**EXERCISE INSTRUCTIONS**
Output word for word the lines from the one with "Vonatozna a Balatonhoz, de" to the final line of the data, both ends included, but skip the pictures.

**STORED DATA**
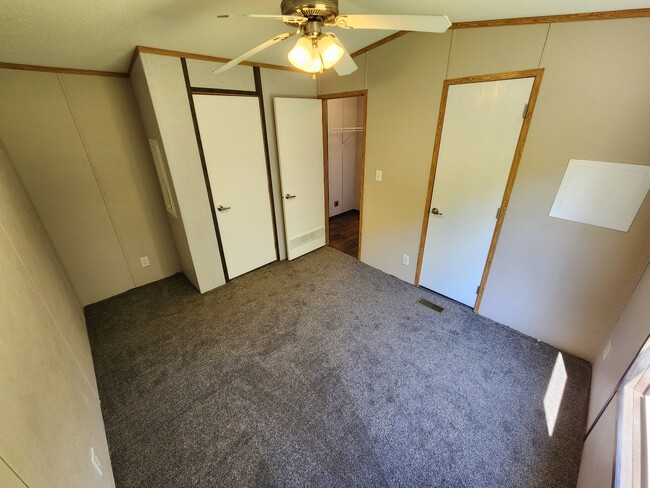 Building Photo - 16147 North County Rd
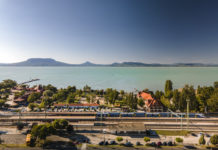 Vonatozna a Balatonhoz, de bosszantja a csatlakozás? Jelezze!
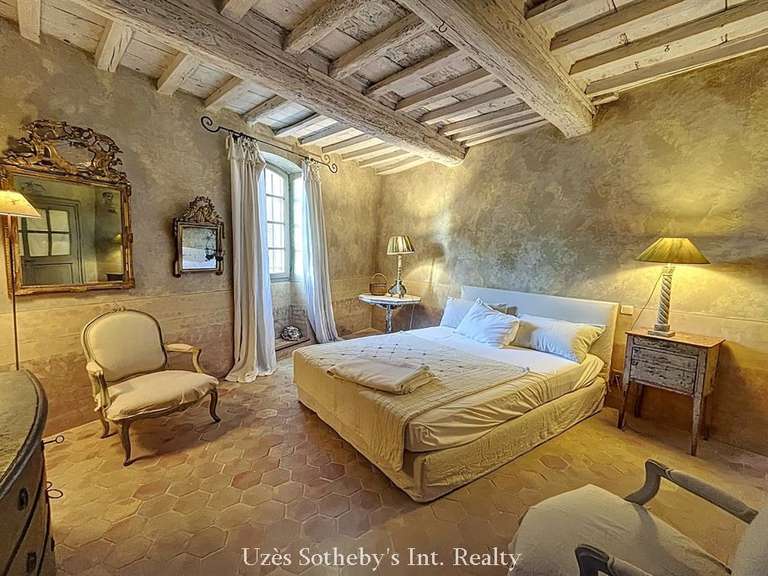 Maison Saint-Maximin - 5 chambres - 405m²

**THE ANSWER**
 Vonatozna a Balatonhoz, de bosszantja a csatlakozás? Jelezze!
 Maison Saint-Maximin - 5 chambres - 405m²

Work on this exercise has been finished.